At that time, there were still a lot of strict disciplinarians at the schools, and the belt was still applied. Bill Smith wasn't like that. He had a very different way of teaching. Whatever the lesson was, he found a way of making it relevant to us. He was fun, and he made me enjoy a subject in a way I didn't think was possible.
I thought he was exotic and fabulous, especially when in the latter stages of my time at school, he started going out with one of the other teachers, which was strictly forbidden, and of course it had to be kept quiet. I just thought that was fantastic.
He was probably in his fifties when he taught me - silver-haired, very debonair. I always thought he looked like he stepped out of an Ealing comedy or something like that. A real silver fox, always very well dressed, always had a grin, and always smelled very strongly of cigarette smoke.
I hope he is still with us, and I really wish him all the best because he was that rarest of things - a really inspirational teacher.
The other teacher was Mr Macadam, my English teacher in fifth and sixth year. He had a lively, engaging style and was very good at bringing alive and explaining texts. But the reason I really chose him is because he singlehandedly kept alive the school newspaper and the school magazine. My dad worked in local newspapers, so I had a vague interest in it, but didn't really think I would make a career out of it.
But Mr Macadam encouraged me to get involved, and I ended up editing the school newspaper and going on to edit the school magazine. He really encouraged me, supported me and told me that I had the ability to do something with those skills.

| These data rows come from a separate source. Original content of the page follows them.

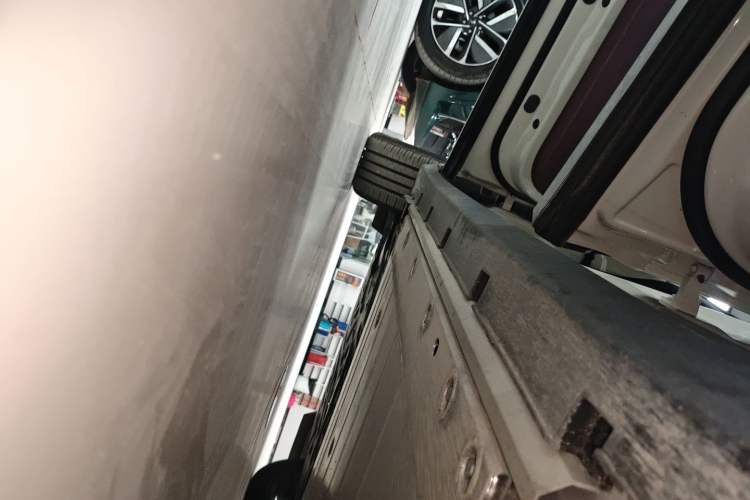 Used Zeekr X 2025 Four-Seater Rear-Drive Cube Version Left Side Sill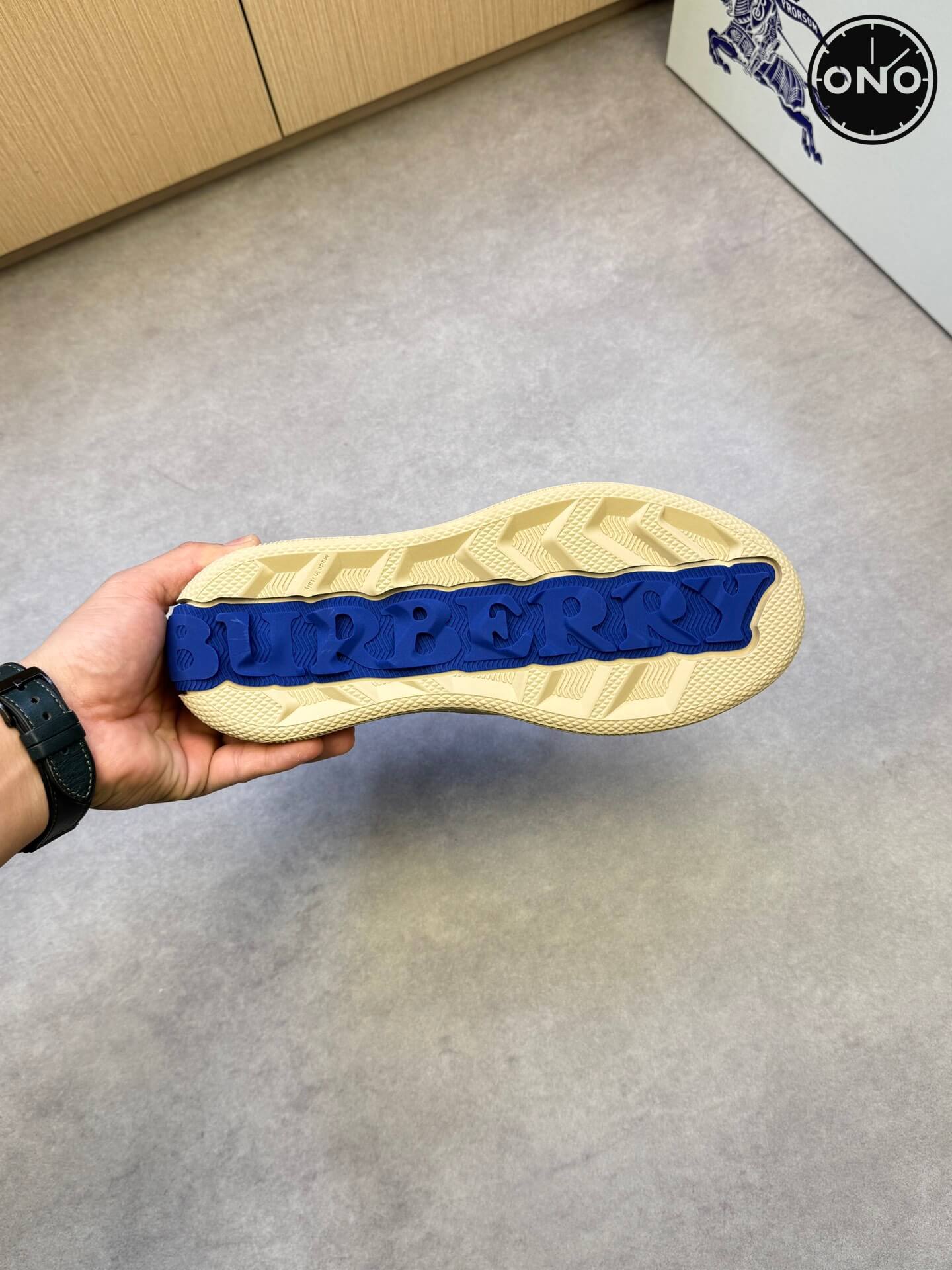 Burberry_56_9.jpg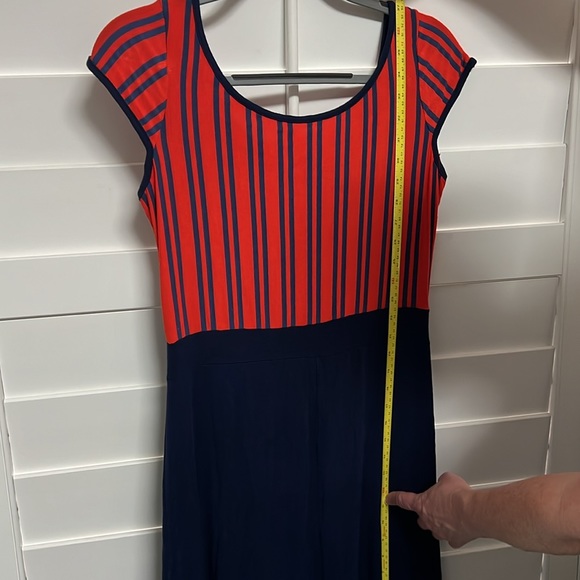 Super cute Red and Blue dress! Size S/M? - Picture 4 of 6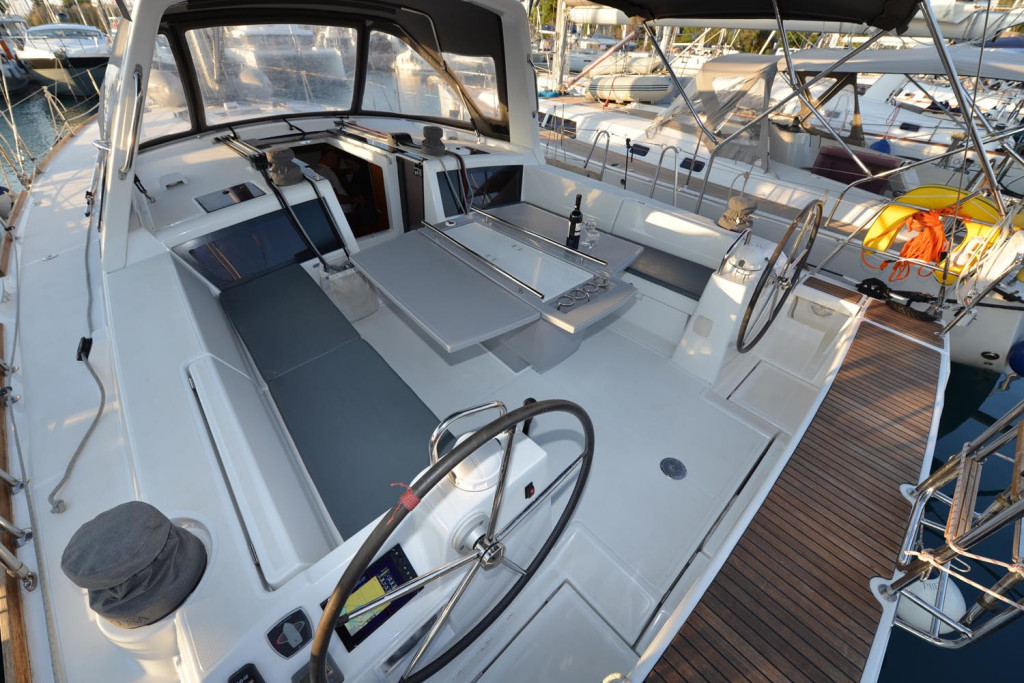 Yacht BENETEAU - Oceanis 48 "Pherousa"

It was because of him I then went on to work on the student newspaper at Edinburgh University and it was because of him that I went on to do journalism as a postgraduate down at Cardiff and got into the business. So I owe him a lot.
He could have chosen anybody, but he chose me, because he thought I was the best person to do it. And that gave me a self-belief that I probably hadn't had before. George Macadam died a few years ago, but he was absolutely in part responsible for what I have done with my life, and I am always grateful for that.
When I went looking for a school for my son to be educated in, what I wanted was a replica of Dumfries Academy, and I think that is probably the best tribute anybody can give to a teacher. They sent me on a really good course in life, and a course I would like to pass on to my own family.
Stephen Jardine was talking to Julia Belgutay.
Born: Dumfries, 1963
Education: Loreburne Primary; Dumfries Academy Primary; Dumfries Academy; University of Edinburgh; University College Cardiff
Career: Trainee reporter, Radio Tay, Dundee; trainee news reporter, STV; correspondent for GMTV; journalist, presenter and broadcaster, director of Taste Communications.